Designed by Leo Steif in 1923, the Ralph J. Pomeroy Apartments sat vacant in Chicago’s historic Bryn Mawr district for six years until renovations began in 2010. Now, as part of the Chicago Housing Authority’s Plan for Transformation, the Pomeroy Senior Apartments building is CHA’s flagship senior living center on the city’s North Side.
The original brick, terra cotta, and limestone façade was inspected and restored, keeping the look consistent with the other buildings in the historic neighborhood. New windows and a bronze entry canopy were constructed, complementing the design vocabulary.

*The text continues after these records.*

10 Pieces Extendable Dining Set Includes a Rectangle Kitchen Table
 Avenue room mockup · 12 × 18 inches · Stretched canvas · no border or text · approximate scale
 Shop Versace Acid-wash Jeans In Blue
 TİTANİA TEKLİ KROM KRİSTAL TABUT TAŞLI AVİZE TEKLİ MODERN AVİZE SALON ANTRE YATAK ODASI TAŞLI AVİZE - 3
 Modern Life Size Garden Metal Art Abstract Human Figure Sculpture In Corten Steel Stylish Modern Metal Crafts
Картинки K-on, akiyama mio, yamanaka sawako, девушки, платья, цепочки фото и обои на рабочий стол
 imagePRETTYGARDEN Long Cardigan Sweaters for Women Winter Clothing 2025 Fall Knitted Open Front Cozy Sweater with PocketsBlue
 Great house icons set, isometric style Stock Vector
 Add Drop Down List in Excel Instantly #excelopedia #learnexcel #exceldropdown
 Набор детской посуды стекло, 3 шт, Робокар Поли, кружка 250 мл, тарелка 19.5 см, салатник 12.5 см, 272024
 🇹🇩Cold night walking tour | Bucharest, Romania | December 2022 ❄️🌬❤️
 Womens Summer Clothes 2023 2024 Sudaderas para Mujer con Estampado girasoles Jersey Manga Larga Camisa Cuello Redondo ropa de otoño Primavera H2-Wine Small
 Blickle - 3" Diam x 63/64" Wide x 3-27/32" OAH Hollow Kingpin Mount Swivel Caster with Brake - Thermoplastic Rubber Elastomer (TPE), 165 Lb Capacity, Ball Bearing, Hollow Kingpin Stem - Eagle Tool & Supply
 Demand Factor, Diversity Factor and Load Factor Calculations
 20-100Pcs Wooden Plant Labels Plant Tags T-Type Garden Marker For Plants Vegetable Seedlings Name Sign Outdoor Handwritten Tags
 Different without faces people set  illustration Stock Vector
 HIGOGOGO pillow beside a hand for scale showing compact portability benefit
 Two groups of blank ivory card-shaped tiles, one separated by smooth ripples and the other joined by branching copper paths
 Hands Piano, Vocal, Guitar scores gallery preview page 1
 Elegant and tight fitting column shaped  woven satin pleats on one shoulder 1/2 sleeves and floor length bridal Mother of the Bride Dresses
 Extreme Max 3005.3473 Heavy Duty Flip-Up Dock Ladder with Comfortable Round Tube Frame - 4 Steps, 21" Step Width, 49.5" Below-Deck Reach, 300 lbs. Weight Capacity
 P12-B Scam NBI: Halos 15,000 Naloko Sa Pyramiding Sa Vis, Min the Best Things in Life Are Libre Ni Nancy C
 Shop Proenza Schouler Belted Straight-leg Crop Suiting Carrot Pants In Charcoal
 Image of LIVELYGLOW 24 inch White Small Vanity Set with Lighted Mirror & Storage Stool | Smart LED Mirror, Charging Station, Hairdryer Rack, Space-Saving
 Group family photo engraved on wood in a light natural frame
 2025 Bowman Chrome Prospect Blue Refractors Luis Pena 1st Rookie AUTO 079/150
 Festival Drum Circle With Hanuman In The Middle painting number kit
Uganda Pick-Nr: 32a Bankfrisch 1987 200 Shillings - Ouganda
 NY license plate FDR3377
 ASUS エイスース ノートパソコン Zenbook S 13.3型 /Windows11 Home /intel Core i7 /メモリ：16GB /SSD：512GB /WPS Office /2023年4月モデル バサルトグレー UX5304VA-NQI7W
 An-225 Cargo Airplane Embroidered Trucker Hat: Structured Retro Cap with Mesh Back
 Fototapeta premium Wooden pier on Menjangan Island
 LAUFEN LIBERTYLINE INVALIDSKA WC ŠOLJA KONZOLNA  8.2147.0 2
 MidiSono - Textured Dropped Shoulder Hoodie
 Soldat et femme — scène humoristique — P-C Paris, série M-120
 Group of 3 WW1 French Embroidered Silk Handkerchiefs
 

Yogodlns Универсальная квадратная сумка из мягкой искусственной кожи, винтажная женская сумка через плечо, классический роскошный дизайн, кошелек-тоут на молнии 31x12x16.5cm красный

The entire interior of the building was renovated, from the first floor lobby and common areas, to the rooftop spaces. The number of living units was reduced from 120 to 104 to allow for more space per unit and comply with current accessibility requirements.
POMEROY SENIOR APARTMENTS
Submitting firm: Pappageorge Haymes Partners (architect)
Developer: Chicago Housing Authority
Associate architect: Architrave Ltd.
Interior design: Koo & Associates
Structural engineer: Matrix Engineering Corp.
Mechanical/electrical engineer: The Engineering Studio
Civil engineer/Landscape architect: Terra Engineering
Sustainability consultant: Grumman Butkus Associates
Environmental consultant: GSG Consultants Inc.
General contractor: James McHugh Construction
Construction manager: d’Escoto Inc.
Size: 118,522 sf
Construction cost: $31 million
Construction time: January 2010 to August 2011
Delivery method: Design-bid-build
For added security and accessibility, the entrance of the building was moved from the busy Hollywood Avenue frontage to a quieter side street. The new entrance offers a direct view into the main-floor outdoor courtyard and a connection between the interior and exterior common areas.
The roof terrace is now accessible via a relocated staircase and elevator core. Here, residents can take advantage of private gardening and an outdoor space with views of Lake Michigan, as well as an indoor penthouse recreation room.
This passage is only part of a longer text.